Re: [RFC] mpam,x86,fs/resctrl: Generic schema description Proof of Concept
From: Ben Horgan
Date: Thu Jun 04 2026 - 07:25:24 EST
Hi Drew,
On 6/3/26 20:34, Drew Fustini wrote:
> On Wed, Jun 03, 2026 at 04:15:51PM +0100, Ben Horgan wrote:
>> Hi Reinette,
>>
>> On 5/29/26 19:06, Reinette Chatre wrote:
>>> Hi Everybody,
>>>
>>> It has been a while since we discussed the resctrl changes required to support
>>> hardware that has controls with fine granularity or hardware that has multiple
>>> controls per resource. For reference, the most recent email discussion can
>>> be found at [1] with a summary of discussions in last year's plumbers slides [2].
>>>
>>> I created a PoC that I believe supports what folks have agreed to so far. I
>>> hope this can help us to restart the discussion with the goal that resctrl gains
>>> support for upcoming hardware that require these features.
>>
>> Thank you very much for doing this work. I believe this will be very useful for
>> MPAM and other architectures.
>
> Yes, thanks to Reinette for working on the generic schema proof of
> concept. This will be helpful for supporting the RISC-V CBQRI (capacity
> and bandwidth QoS) spec.
>
>> I plumbed in support for the MB_MIN resource schema which also works under light
>> testing. The only fs resctrl code change I needed was:
>>
>> --- a/include/linux/resctrl.h
>> +++ b/include/linux/resctrl.h
>> @@ -483,6 +483,9 @@ static inline u32 resctrl_get_default_ctrlval(struct
>> resctrl_ctrl *ctrl)
>> case RESCTRL_CTRL_BITMAP:
>> return BIT_MASK(ctrl->cache.cbm_len) - 1;
>> case RESCTRL_CTRL_SCALAR:
>> + if (ctrl->name == RESCTRL_CTRL_NAME_MIN)

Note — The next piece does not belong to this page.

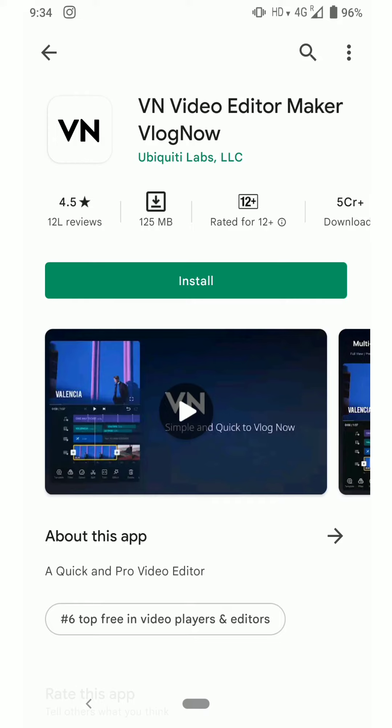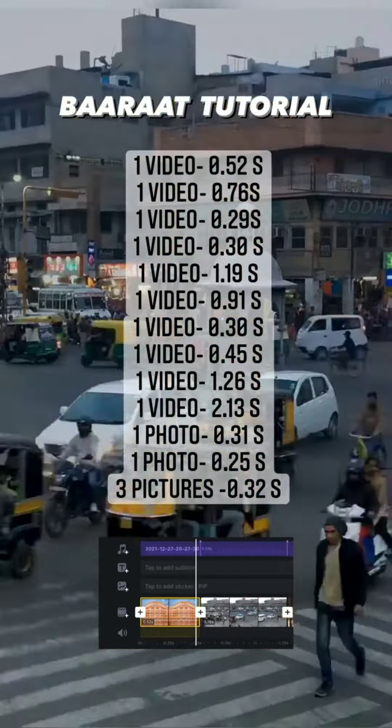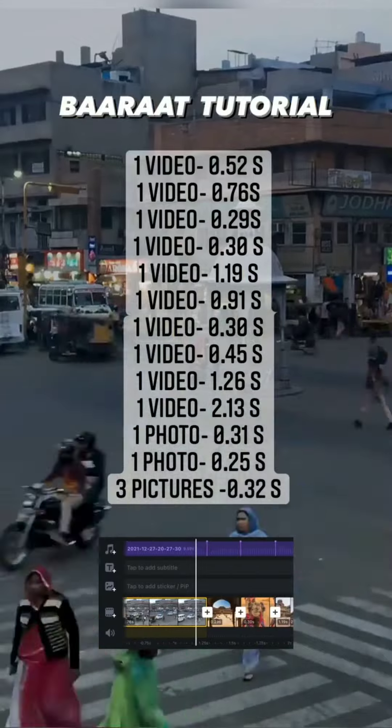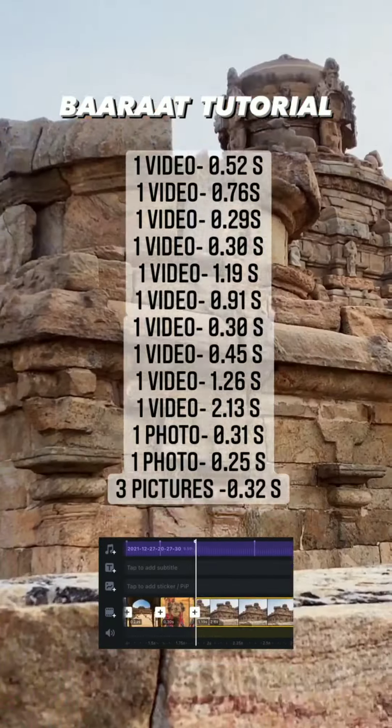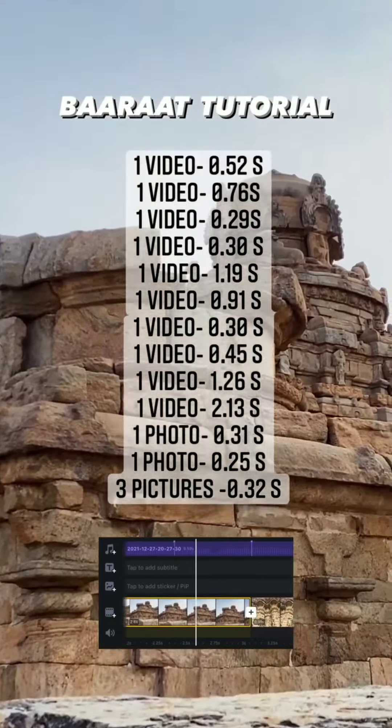Download the VN Video Editor app and click on New Project, then follow and trim the photos and videos accordingly to the duration given.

>> + return ctrl->membw.min_bw;
>> +
>> return ctrl->membw.max_bw;
>> }
>>
>>
>> At least on MPAM systems, we use a default of 0 for minimum bandwidth controls
>> as the maximum bandwidth controls only take effect if their value is higher than
>> the minimum bandwidth value. I have specialised this on the ctrl->name which
>> breaks your ctrl->type based classification but that's fixable by just adding a
>> default field to membw.
>
> This should be useful for RISC-V.
>
> RESCTRL_CTRL_NAME_MIN maps well to CBQRI Rbwb (reserved bandwidth
> blocks). The sum of Rbwb across all control groups must be less than
> MRBWB (maximum number of reserved bandwidth blocks). As a result, MB_MIN
> needs to default to 1 so that the sum does not violate that rule. In my
> RFC series, I added default_to_min to resctrl_membw [1] but this
> solution looks cleaner.
>
>>> - No support for "read-modify-write" usage of schemata file. This is where we
>>> discussed (without agreement) on possibly introducing the "#" prefix to schemata
>>> file entries. This PoC does not support this prefix and the current assumption/expectation
>>> is that when user space changes a configuration only the new control values are
>>> written to schemata file. I thus do not have a plan to support this so please
>>> share opinions in this regard if you have some.
>>
>> There is now less motivation from the MPAM side for this than when this was
>> initially discussed. In pre-upstream versions of the MPAM patches a change in
>> the MB resource control value would change both the mpam h/w mbw_min and mbw_max
>> values but now (on non-broken h/w) we just change the mbw_max. (mbw_min kept at 0).
>>
>> However, it would be useful not to be limited by percentages. In my quick
>> experimentation with your patches I used a percentage value for MB_MIN but it
>> would be best to move away from this. For new controls I think we can mandate
>> that user space has to discover the resolution from the info directly but how
>> can we retrofit this. For MPAM, MB and MB_MAX, would control the same things.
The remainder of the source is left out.